## [Brief]
Nothing but the lines from the one with "Centre Retractive Rocker" through the end of the material should be retyped, word for word and without pictures.

*** Supplied material Section Begins ***

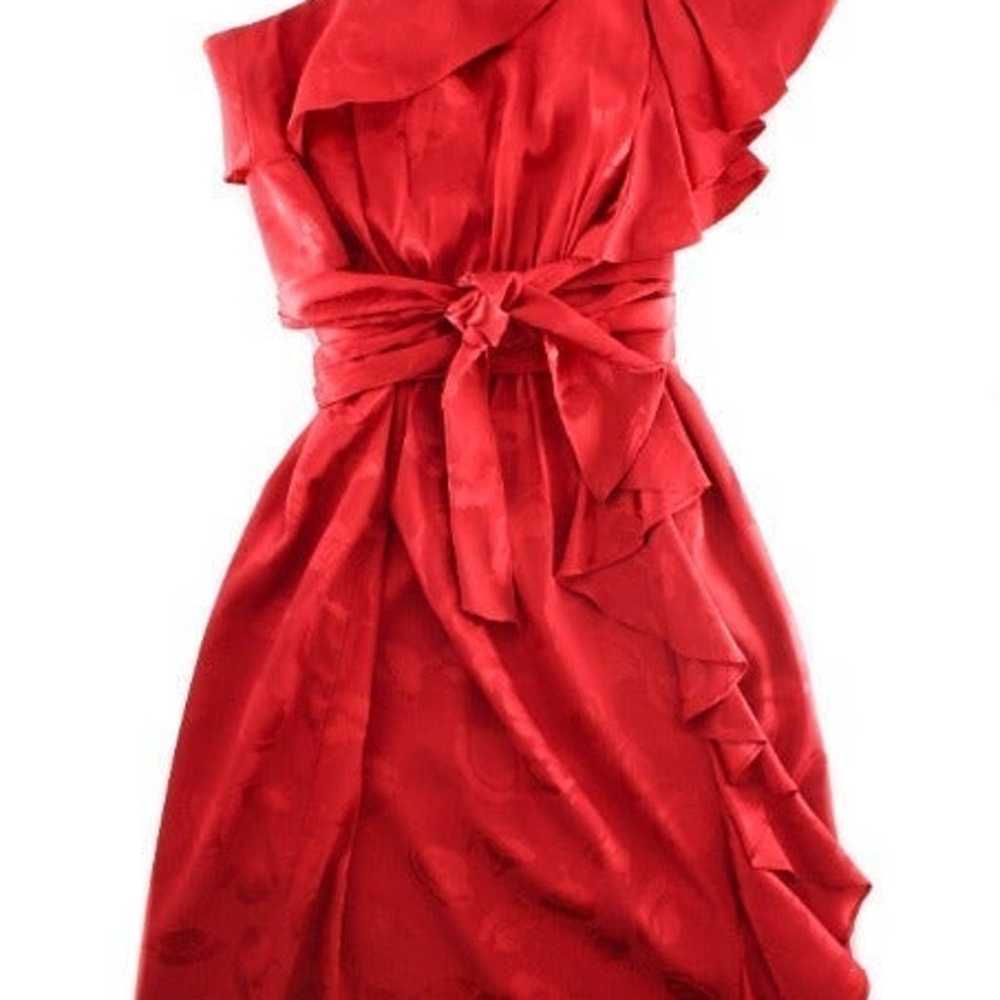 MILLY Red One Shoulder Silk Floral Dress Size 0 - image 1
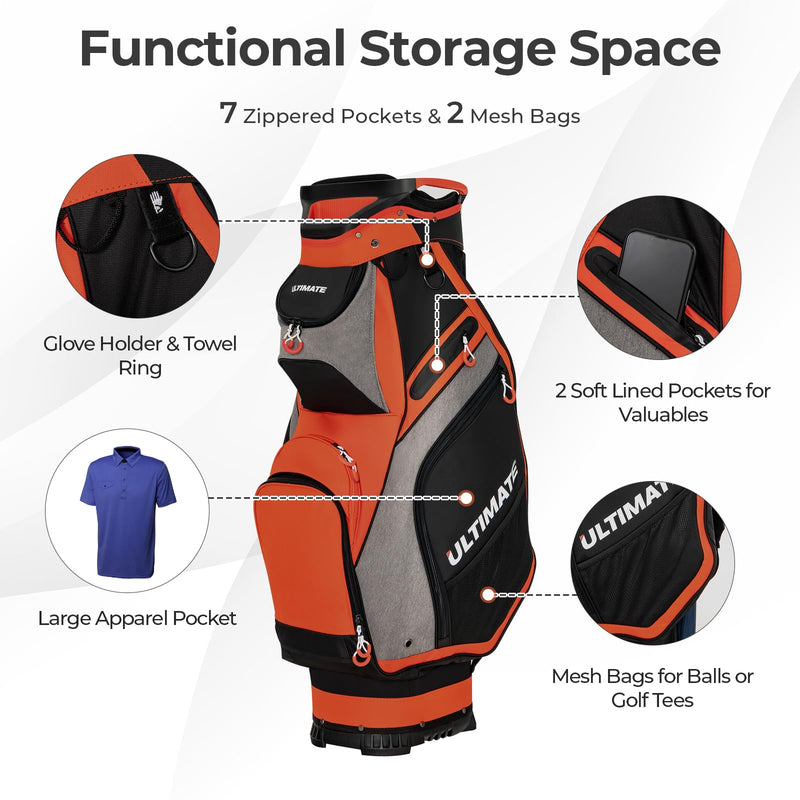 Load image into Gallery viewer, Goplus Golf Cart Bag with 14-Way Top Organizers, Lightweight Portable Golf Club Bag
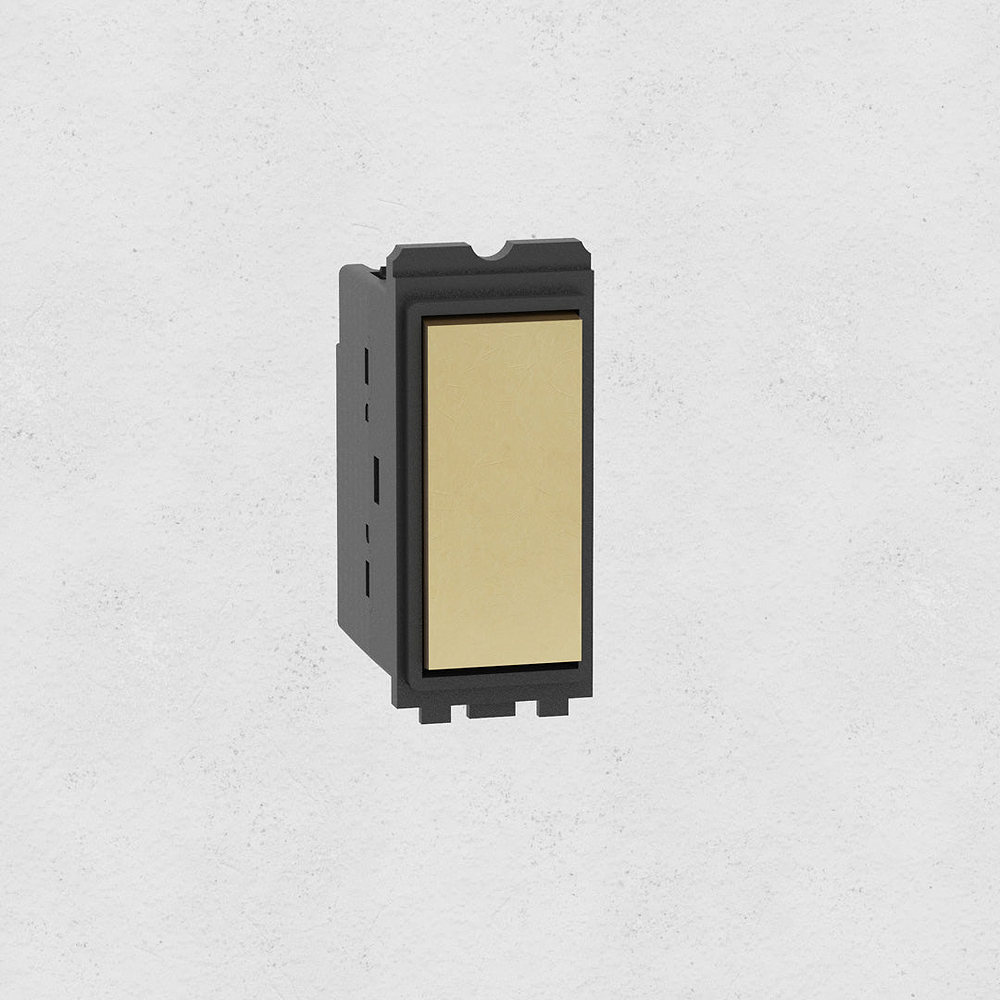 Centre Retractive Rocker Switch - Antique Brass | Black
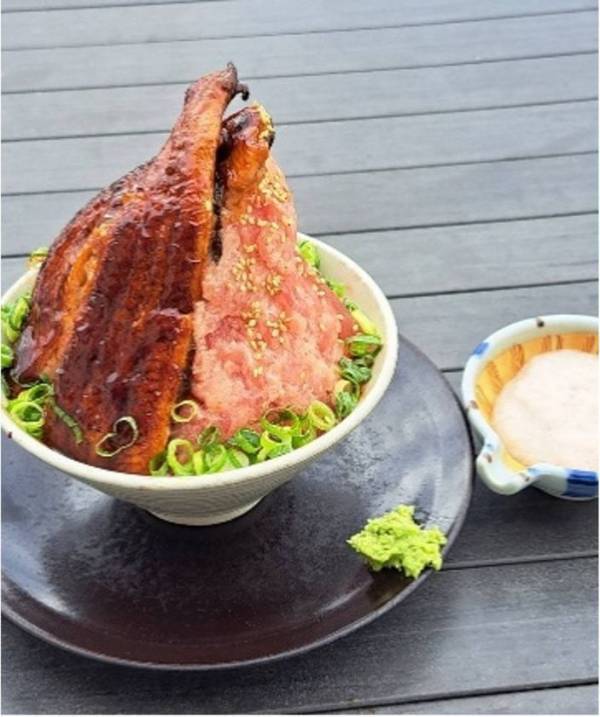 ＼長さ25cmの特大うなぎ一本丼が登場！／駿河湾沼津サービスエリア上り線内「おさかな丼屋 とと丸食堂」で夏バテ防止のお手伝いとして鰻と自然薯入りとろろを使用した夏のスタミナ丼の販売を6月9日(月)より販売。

*** Supplied material Section Ends ***

## [The completed task]
 Centre Retractive Rocker Switch - Antique Brass | Black
 ＼長さ25cmの特大うなぎ一本丼が登場！／駿河湾沼津サービスエリア上り線内「おさかな丼屋 とと丸食堂」で夏バテ防止のお手伝いとして鰻と自然薯入りとろろを使用した夏のスタミナ丼の販売を6月9日(月)より販売。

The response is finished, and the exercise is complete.